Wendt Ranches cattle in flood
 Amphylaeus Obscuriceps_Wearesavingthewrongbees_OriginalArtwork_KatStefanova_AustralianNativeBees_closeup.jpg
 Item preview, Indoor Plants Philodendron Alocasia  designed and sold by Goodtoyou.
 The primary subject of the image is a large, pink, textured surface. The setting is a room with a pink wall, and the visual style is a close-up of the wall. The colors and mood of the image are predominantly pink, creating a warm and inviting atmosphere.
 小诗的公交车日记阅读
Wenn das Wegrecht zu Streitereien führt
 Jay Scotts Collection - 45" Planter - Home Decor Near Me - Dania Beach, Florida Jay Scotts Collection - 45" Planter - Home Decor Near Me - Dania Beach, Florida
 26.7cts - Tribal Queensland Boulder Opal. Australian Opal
◆ ◆ ◆
(Task directions)
The listing above is to be transcribed exactly. Include every line.

(Problem solution)
Wendt Ranches cattle in flood
 Amphylaeus Obscuriceps_Wearesavingthewrongbees_OriginalArtwork_KatStefanova_AustralianNativeBees_closeup.jpg
 Item preview, Indoor Plants Philodendron Alocasia  designed and sold by Goodtoyou.
 The primary subject of the image is a large, pink, textured surface. The setting is a room with a pink wall, and the visual style is a close-up of the wall. The colors and mood of the image are predominantly pink, creating a warm and inviting atmosphere.
 小诗的公交车日记阅读
Wenn das Wegrecht zu Streitereien führt
 Jay Scotts Collection - 45" Planter - Home Decor Near Me - Dania Beach, Florida Jay Scotts Collection - 45" Planter - Home Decor Near Me - Dania Beach, Florida
 26.7cts - Tribal Queensland Boulder Opal. Australian Opal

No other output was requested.